(Source data)
BEGIN

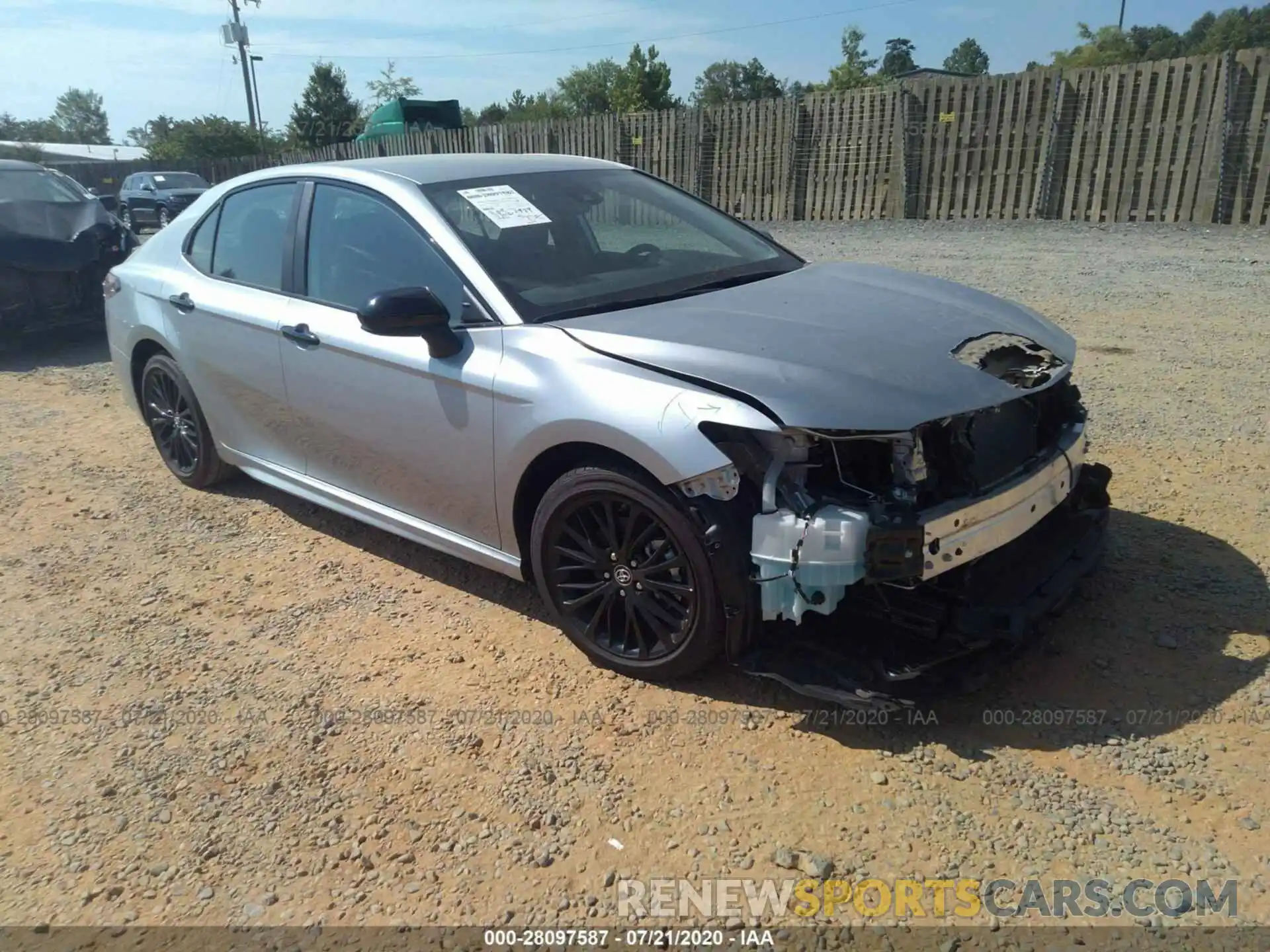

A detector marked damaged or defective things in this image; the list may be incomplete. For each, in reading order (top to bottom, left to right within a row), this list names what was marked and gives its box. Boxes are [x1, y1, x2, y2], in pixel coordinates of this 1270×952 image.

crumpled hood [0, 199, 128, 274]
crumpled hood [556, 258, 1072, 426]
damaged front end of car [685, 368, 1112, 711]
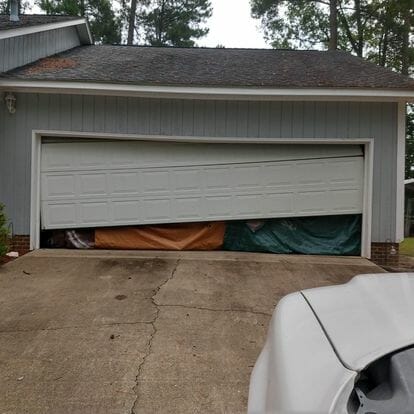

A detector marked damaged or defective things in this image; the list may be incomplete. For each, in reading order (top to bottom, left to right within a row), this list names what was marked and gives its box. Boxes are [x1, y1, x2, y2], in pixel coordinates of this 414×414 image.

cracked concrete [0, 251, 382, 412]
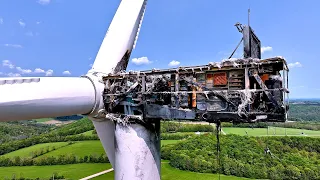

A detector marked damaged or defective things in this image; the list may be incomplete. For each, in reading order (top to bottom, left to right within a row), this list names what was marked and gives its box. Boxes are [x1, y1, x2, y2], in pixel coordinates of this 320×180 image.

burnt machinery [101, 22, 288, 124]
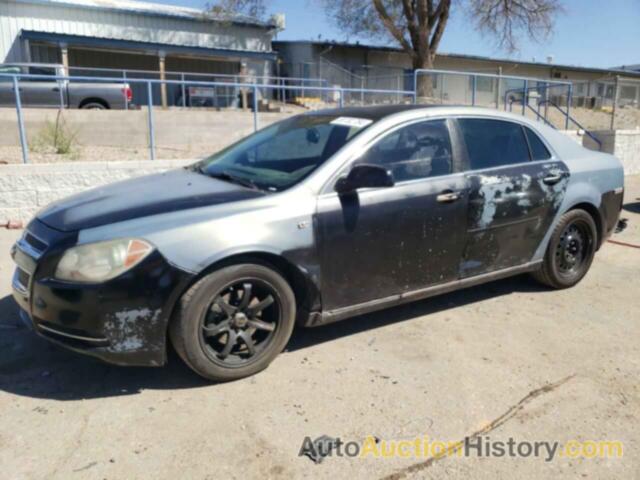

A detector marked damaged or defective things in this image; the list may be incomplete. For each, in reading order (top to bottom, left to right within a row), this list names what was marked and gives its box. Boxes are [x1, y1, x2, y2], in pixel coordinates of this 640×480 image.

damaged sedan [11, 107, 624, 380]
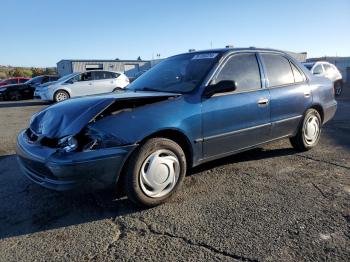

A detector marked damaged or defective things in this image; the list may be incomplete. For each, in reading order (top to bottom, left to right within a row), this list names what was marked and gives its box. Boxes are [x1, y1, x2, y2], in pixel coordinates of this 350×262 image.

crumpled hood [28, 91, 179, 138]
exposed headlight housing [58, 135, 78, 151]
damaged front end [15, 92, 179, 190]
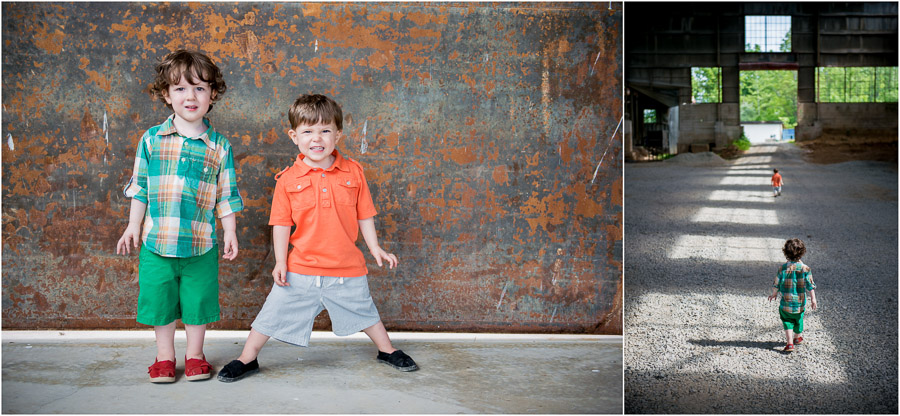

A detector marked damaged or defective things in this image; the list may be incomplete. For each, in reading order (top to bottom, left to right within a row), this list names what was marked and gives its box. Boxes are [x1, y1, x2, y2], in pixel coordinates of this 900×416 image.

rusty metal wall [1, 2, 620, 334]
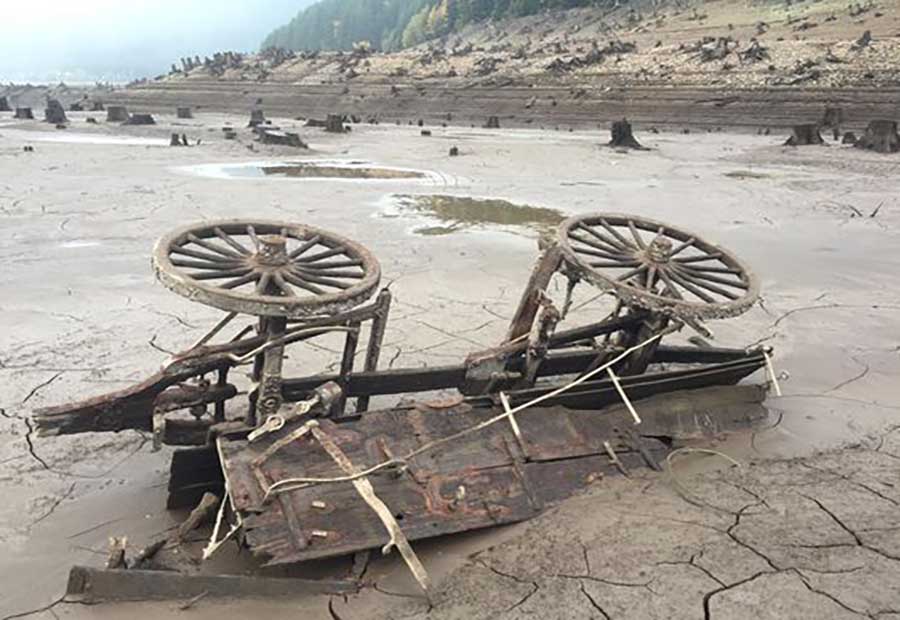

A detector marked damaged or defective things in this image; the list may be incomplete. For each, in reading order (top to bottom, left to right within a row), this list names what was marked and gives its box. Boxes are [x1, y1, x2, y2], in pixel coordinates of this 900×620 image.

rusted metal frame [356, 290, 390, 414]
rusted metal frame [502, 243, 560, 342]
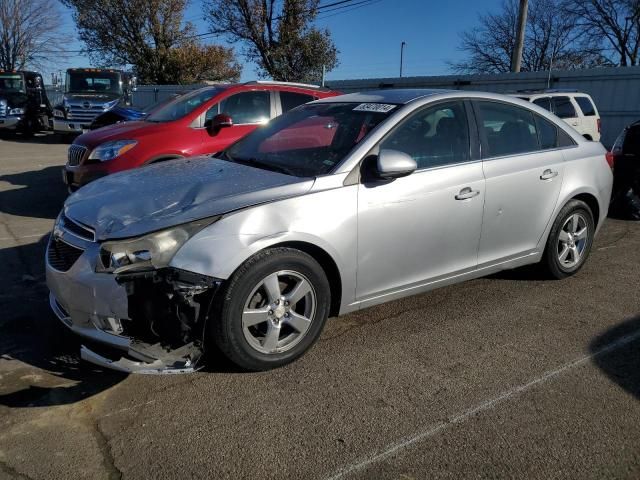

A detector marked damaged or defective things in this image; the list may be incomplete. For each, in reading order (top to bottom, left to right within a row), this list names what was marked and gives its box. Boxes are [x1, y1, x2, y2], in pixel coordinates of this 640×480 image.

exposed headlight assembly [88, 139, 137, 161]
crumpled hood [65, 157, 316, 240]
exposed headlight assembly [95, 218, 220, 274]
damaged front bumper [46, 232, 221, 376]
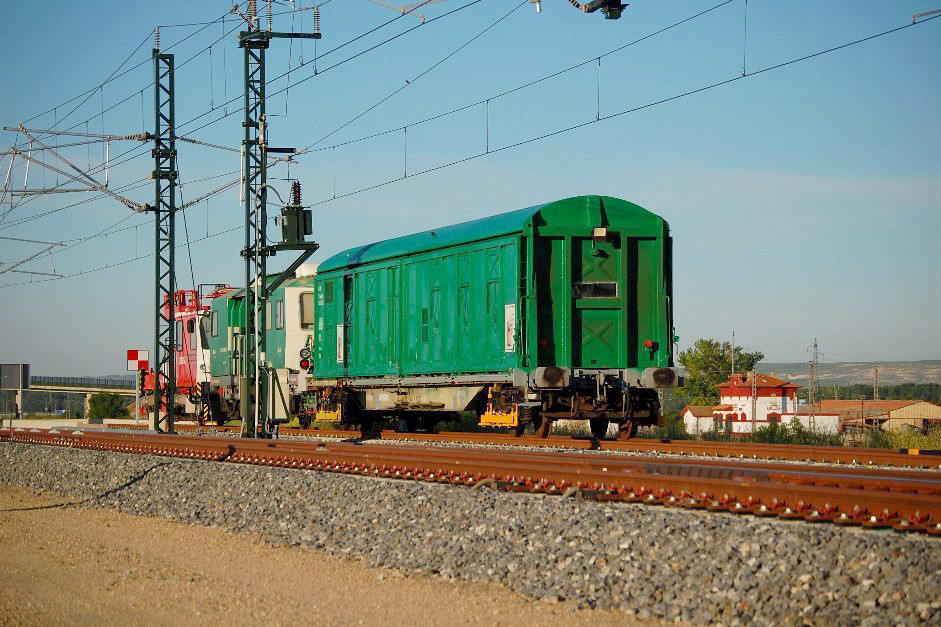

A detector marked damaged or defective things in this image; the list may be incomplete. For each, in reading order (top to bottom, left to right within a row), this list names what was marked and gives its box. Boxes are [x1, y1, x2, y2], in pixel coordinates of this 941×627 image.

END

> **HOW TO COMPLETE THIS TASK**: Please return exactly, and only, the lines from the one containing "this 900×620 image." through the end of the records, with both end lines kept and every picture dropped.

> **SOLUTION**:
A detector marked damaged or defective things in this image; the list may be incomplete. For each, in reading order (top to bottom, left to right within a row), this list names what was marked and gives its box. Boxes are [x1, y1, x2, y2], in pixel coordinates of this 900×620 image.

rusted metal frame [356, 290, 390, 414]
rusted metal frame [502, 243, 560, 342]

A detector marked damaged or defective things in this image; the list may be incomplete. For each, in reading order (top to bottom, left to right within a row), this list names what was marked and gives its box. Boxes are [x1, y1, x2, y2], in pixel coordinates of this 640×480 image.

exposed headlight assembly [88, 139, 137, 161]
crumpled hood [65, 157, 316, 240]
exposed headlight assembly [95, 218, 220, 274]
damaged front bumper [46, 232, 221, 376]

A detector marked damaged or defective things in this image; the list may be incomplete. For each, in reading order (top to bottom, left to right within a row), this list names what was marked and gives its box. Boxes are [x1, y1, x2, y2], in pixel coordinates of this 941×627 image.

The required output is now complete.